My neighbor had requested to use my bins so they were full of the refuse of his cleaning out his garage after 20 years of piling up boxes. I placed a bag of kitchen garbage on top of his detritus, but could not close the lid.

The next morning, I came out for an early-morning stroll, only to find the lid closed and my garbage bag gone. I stood in the street, scratching my head. Who would take my garbage?

By placing your garbage out on the street, you are, as I understand it, legally relinquishing ownership. If the state or the government wants to look in your garbage, then they arrange to get the entire bin's contents after it has been picked up by the garbage truck. That way you don't know anyone is peering into the entrails of your refuse. If you're a P.I., however, then you snag what you can out of the bins in the early hours and find somewhere convenient to explore the contents.
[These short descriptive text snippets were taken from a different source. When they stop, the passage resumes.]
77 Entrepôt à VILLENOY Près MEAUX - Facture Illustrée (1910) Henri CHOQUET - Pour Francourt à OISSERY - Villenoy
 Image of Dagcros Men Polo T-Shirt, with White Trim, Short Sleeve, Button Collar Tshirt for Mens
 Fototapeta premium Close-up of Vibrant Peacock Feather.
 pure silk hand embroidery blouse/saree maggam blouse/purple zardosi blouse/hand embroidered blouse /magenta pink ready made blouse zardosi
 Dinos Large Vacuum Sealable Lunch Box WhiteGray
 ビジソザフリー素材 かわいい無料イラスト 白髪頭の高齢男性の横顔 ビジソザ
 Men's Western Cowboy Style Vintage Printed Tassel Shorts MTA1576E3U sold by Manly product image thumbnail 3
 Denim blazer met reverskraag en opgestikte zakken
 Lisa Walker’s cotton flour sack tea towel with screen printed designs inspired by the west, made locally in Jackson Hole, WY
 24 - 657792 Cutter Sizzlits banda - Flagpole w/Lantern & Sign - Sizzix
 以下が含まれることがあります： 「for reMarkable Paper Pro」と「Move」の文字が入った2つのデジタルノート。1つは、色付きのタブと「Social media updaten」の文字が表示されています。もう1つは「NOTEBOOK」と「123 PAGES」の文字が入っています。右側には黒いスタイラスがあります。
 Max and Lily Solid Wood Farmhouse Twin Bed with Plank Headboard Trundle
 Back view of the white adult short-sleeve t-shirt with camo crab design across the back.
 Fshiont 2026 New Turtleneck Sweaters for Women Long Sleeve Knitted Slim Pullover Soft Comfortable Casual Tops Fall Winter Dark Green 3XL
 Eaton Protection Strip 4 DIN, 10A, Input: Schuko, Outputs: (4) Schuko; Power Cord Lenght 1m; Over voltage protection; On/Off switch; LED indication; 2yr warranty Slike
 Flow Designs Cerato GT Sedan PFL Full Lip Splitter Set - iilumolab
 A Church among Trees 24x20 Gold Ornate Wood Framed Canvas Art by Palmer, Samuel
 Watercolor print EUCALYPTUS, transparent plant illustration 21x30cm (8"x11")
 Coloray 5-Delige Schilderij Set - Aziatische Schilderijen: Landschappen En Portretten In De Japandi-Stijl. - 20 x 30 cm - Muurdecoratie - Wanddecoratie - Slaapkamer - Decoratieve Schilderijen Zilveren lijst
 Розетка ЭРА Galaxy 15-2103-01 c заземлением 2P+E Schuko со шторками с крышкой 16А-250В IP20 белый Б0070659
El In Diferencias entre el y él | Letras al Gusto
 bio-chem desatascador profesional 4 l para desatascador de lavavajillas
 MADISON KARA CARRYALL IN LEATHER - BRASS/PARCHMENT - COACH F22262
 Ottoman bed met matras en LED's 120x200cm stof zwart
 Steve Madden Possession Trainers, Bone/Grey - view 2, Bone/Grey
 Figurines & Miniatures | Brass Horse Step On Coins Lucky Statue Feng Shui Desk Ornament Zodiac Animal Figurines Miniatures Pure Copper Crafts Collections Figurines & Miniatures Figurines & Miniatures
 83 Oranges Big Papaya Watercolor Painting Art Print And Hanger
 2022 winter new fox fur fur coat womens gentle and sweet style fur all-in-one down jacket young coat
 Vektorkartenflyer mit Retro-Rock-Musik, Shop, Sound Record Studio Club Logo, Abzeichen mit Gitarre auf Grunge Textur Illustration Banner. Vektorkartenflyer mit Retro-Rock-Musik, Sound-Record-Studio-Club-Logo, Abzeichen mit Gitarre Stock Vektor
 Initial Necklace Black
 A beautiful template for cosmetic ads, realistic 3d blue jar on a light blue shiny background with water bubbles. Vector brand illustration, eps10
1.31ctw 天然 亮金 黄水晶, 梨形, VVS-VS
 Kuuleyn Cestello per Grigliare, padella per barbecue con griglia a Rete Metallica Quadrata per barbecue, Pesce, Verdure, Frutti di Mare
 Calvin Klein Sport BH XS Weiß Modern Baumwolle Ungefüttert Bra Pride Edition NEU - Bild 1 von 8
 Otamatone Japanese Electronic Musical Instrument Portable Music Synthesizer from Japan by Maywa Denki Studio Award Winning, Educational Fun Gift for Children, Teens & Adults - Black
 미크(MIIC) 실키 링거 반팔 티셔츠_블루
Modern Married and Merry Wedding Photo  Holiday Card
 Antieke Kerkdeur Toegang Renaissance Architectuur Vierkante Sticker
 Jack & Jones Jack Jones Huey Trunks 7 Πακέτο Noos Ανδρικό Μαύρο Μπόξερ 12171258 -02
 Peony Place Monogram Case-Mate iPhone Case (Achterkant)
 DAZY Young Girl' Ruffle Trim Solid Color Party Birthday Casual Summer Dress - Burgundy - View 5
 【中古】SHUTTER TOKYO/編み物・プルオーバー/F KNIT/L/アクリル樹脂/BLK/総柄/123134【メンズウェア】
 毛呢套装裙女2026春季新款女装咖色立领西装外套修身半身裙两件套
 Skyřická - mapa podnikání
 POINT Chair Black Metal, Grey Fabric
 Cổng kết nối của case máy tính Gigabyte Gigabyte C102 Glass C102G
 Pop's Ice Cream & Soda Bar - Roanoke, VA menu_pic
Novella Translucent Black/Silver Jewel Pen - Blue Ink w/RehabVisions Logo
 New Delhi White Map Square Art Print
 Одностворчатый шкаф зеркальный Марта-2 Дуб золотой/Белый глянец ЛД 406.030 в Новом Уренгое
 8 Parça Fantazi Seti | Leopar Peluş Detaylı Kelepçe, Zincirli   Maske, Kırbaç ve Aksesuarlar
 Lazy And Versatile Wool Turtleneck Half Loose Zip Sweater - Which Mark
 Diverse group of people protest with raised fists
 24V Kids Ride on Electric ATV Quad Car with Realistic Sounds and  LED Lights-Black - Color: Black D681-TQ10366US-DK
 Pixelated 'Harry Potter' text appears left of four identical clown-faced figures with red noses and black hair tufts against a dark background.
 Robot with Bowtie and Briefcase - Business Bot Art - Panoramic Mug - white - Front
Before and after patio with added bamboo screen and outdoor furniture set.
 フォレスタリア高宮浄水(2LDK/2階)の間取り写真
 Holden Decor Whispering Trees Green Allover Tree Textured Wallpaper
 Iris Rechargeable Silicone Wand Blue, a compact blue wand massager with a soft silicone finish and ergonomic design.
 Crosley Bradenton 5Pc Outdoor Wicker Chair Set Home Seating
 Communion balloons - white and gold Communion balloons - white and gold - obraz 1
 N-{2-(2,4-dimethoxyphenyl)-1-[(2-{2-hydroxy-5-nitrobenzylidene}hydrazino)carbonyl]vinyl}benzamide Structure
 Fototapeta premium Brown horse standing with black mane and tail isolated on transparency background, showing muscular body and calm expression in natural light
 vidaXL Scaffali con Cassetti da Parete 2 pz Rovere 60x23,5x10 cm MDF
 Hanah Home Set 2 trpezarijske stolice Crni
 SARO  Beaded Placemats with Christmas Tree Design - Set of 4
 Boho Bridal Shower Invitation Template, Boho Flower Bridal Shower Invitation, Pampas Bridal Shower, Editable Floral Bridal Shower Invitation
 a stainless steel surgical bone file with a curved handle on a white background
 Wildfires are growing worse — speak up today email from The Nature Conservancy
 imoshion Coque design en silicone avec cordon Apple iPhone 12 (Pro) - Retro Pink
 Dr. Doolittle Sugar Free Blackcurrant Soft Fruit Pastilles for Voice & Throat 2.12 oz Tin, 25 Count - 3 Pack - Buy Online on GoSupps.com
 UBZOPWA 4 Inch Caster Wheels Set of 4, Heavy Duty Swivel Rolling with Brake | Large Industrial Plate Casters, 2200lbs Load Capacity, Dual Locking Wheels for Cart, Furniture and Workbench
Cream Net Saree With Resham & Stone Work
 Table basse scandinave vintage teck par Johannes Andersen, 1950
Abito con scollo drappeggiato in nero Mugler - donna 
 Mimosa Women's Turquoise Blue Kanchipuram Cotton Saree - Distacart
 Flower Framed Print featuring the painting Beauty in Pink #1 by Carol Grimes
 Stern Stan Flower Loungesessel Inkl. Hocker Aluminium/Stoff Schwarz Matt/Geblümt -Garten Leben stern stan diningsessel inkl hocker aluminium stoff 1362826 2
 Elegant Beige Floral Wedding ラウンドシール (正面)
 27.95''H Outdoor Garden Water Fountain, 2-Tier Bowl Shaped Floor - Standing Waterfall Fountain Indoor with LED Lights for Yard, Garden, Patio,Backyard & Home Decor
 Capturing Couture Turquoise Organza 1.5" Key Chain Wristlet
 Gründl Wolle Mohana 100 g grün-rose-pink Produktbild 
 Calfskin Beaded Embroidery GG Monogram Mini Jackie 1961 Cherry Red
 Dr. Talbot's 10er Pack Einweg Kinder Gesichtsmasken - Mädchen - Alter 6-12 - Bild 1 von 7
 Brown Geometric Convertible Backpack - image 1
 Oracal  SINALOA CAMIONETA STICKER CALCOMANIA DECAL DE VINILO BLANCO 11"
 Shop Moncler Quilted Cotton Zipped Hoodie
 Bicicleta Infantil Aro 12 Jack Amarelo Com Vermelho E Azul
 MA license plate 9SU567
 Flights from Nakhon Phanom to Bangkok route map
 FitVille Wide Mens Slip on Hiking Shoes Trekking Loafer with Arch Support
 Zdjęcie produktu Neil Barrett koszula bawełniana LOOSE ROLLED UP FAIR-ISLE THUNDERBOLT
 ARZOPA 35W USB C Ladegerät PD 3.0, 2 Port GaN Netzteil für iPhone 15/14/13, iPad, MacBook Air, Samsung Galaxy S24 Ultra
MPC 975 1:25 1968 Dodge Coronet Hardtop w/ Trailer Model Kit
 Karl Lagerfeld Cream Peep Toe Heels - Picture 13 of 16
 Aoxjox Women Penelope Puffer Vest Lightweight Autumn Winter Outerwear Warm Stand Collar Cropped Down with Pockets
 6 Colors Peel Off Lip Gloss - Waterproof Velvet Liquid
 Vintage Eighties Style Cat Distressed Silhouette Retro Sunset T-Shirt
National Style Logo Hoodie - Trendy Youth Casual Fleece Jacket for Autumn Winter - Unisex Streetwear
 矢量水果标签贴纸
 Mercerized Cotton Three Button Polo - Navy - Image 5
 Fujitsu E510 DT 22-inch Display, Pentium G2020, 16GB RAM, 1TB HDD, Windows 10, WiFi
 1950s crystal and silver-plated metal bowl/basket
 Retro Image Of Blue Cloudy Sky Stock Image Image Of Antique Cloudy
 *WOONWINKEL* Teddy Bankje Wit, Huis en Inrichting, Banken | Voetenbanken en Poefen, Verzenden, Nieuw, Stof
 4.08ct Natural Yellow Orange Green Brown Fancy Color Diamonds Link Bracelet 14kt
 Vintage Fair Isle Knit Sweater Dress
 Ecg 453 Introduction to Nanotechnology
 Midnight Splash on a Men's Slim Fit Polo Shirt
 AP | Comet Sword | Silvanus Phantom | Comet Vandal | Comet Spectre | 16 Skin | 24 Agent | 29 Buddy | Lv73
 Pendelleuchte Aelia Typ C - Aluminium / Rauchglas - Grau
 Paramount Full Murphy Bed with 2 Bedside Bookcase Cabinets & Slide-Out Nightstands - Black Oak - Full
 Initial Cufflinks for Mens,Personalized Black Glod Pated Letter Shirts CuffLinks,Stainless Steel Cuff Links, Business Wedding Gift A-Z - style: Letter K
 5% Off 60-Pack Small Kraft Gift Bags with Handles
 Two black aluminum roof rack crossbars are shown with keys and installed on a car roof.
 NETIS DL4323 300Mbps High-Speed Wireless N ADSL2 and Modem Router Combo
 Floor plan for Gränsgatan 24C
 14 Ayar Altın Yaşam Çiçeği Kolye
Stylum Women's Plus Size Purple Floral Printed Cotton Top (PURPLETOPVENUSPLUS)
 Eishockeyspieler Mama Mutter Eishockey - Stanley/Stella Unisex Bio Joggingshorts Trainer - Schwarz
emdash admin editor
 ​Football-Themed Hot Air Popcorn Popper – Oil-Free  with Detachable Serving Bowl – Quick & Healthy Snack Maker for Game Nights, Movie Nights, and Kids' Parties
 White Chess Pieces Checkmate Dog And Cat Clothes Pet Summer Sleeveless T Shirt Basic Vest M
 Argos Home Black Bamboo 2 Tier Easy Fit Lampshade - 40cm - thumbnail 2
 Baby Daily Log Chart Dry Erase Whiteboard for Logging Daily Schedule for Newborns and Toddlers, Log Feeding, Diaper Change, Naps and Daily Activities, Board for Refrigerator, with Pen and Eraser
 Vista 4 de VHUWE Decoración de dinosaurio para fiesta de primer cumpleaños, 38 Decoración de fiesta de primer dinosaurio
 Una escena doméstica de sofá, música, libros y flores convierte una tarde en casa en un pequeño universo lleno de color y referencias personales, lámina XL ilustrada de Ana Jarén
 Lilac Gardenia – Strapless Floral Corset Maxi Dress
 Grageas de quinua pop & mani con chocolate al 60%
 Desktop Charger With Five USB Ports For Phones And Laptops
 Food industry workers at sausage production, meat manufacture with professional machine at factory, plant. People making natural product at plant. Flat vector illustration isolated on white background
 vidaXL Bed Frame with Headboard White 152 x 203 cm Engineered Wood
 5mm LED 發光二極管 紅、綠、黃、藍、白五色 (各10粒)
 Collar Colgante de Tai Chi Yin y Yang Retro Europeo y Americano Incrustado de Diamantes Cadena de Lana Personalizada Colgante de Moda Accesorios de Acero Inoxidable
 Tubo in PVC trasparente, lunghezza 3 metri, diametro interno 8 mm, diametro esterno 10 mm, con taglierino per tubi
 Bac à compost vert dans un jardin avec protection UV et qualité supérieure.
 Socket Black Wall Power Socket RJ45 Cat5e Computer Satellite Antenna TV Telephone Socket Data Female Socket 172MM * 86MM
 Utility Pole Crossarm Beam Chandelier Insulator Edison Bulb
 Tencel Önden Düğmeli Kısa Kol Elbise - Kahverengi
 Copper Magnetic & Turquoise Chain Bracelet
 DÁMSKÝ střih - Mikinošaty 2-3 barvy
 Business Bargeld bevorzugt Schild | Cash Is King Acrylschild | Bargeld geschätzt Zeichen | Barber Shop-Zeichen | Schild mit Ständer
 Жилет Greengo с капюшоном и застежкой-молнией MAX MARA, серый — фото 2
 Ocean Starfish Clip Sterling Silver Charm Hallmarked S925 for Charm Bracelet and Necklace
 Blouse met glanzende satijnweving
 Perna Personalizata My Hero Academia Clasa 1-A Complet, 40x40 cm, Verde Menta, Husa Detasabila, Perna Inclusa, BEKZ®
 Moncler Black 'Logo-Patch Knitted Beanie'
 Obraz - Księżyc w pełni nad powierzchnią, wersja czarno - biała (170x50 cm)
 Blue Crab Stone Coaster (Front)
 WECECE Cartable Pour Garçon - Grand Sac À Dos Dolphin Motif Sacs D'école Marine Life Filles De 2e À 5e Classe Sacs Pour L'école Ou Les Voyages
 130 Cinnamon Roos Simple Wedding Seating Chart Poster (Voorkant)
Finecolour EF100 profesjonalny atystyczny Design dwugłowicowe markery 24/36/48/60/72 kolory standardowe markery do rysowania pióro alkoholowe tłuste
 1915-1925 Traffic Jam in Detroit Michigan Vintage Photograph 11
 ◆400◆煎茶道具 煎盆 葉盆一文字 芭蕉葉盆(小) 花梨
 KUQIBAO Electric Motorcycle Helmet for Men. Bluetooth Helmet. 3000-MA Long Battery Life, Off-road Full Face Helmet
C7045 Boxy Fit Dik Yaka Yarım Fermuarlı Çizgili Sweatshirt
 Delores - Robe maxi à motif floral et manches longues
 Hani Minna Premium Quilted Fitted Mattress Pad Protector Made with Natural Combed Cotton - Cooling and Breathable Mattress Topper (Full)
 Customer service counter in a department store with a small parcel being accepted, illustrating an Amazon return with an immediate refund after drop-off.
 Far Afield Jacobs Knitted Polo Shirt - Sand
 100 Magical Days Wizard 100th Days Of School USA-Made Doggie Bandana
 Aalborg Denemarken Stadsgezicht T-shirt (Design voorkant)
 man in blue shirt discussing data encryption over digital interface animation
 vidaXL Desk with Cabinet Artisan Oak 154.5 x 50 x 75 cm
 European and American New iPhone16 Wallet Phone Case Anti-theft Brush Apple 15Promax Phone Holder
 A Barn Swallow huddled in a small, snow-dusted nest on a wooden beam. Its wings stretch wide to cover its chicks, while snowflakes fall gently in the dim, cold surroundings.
In the past, I confess that when I have worked on stories about people I consider a menace or, relatedly, find myself pursuing stories involving questionable behavior by law enforcement or local government, at times my paranoia has almost gotten the better of me. When I look down the current list of stories I am working on, however, I cannot see anything that would spark an interest in the personal details of my life.

So, whoever took my garbage, you're more than welcome to it. And thank you for instilling a new dose of paranoia into my existence. I'll be looking over my shoulder a little more carefully from now on.